Exercise goal: Return each entry below word for word, leaving out any image.

Records excerpted from a collection:
· · · ·
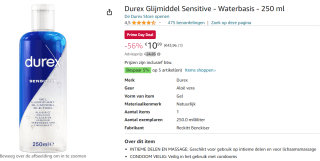 Durex Sensitive Glijmiddel 250 ml voor €10,99 via Amazon prime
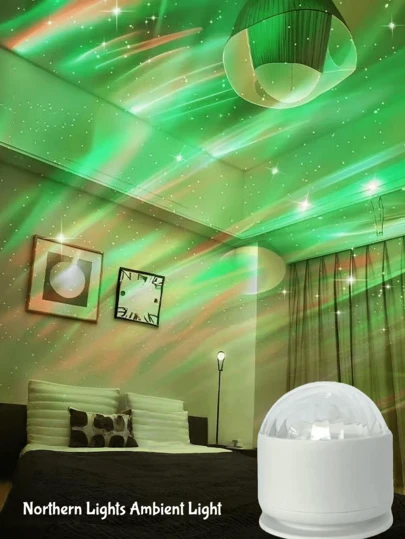 1pc 16-Color Aurora Projection Lamp. Creates A Cozy Bedroom Ambiance, Allowing You To Enjoy The Northern Lights From Home. Compact And Space-Saving, Suitable For Bedroom, Living Room, Camping And Parties.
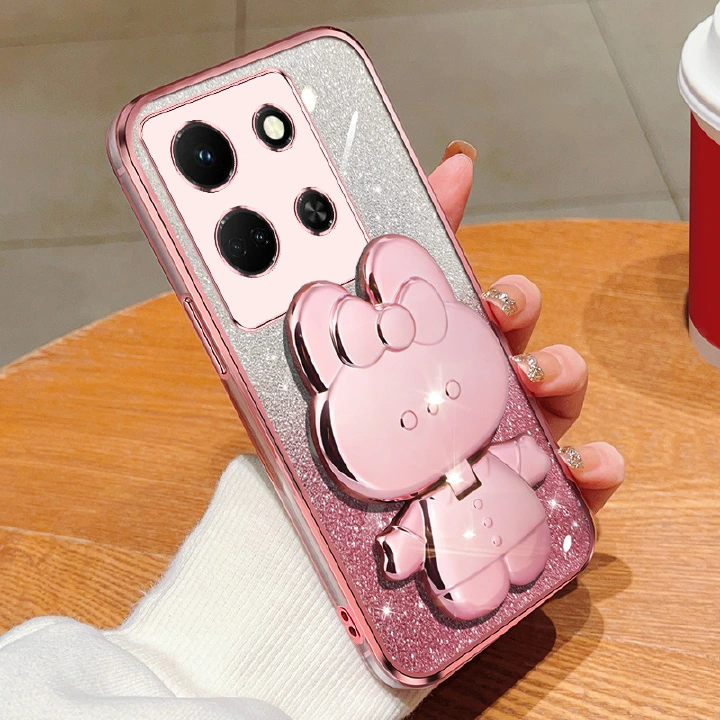 Luxury Electroplating Rabbit Mirror Bracket Phone Case For Infinix Note 30 VIP 30 30i 30 Pro 12 Pro 12 (G96) Zero 30 Glitter Protective Cover Black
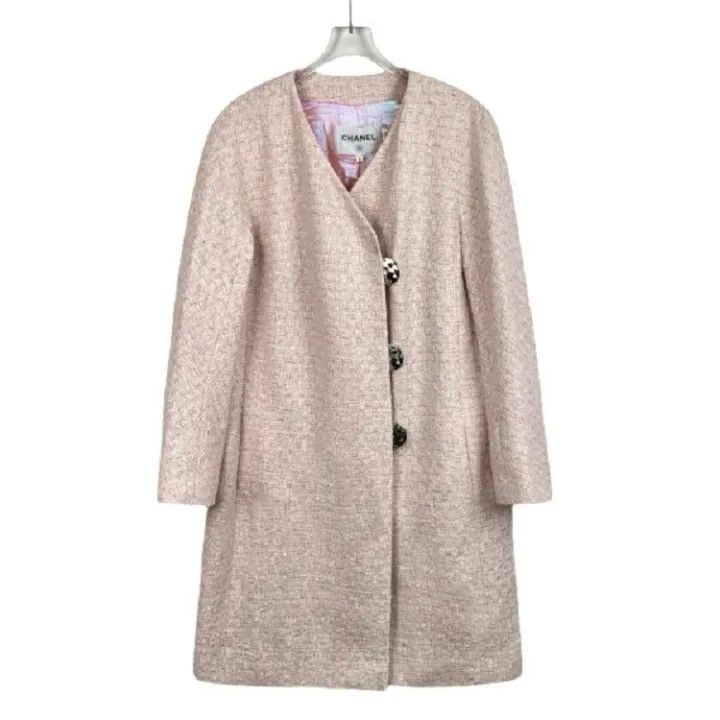 Chanel Chanel Pink Long Knit Coat for Women 0079 Size L / US 10 / IT 46 - 1 Thumbnail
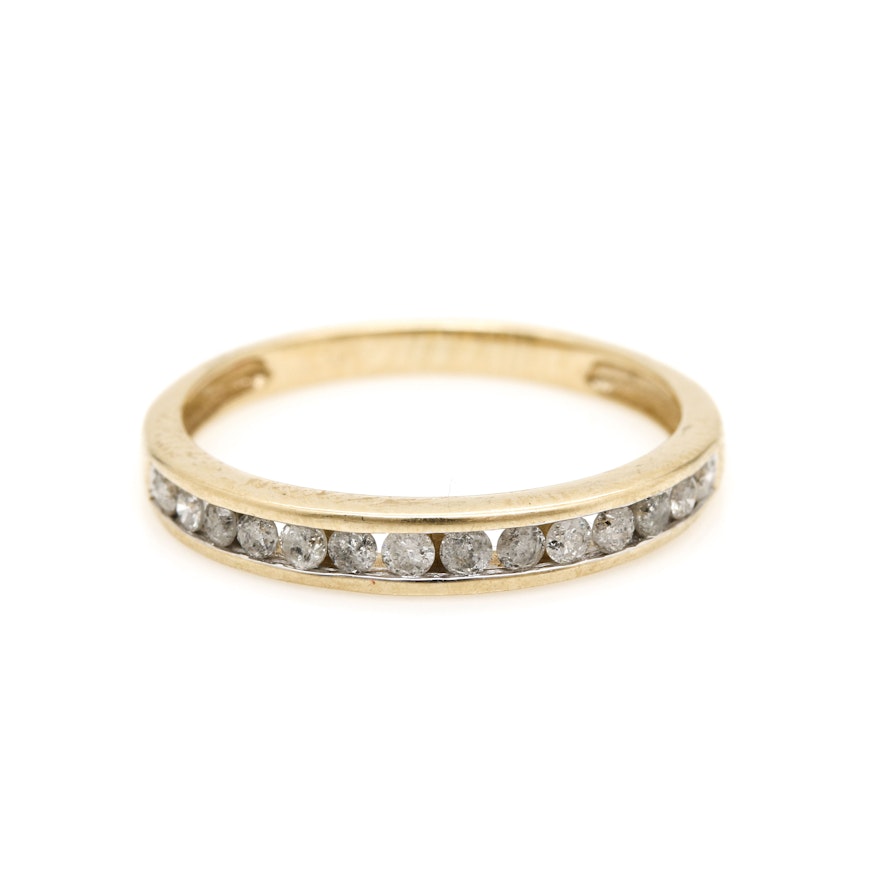 10K Yellow Gold Diamond Channel Ring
· · · ·
Answer to this exercise:
 Durex Sensitive Glijmiddel 250 ml voor €10,99 via Amazon prime
 1pc 16-Color Aurora Projection Lamp. Creates A Cozy Bedroom Ambiance, Allowing You To Enjoy The Northern Lights From Home. Compact And Space-Saving, Suitable For Bedroom, Living Room, Camping And Parties.
 Luxury Electroplating Rabbit Mirror Bracket Phone Case For Infinix Note 30 VIP 30 30i 30 Pro 12 Pro 12 (G96) Zero 30 Glitter Protective Cover Black
 Chanel Chanel Pink Long Knit Coat for Women 0079 Size L / US 10 / IT 46 - 1 Thumbnail
 10K Yellow Gold Diamond Channel Ring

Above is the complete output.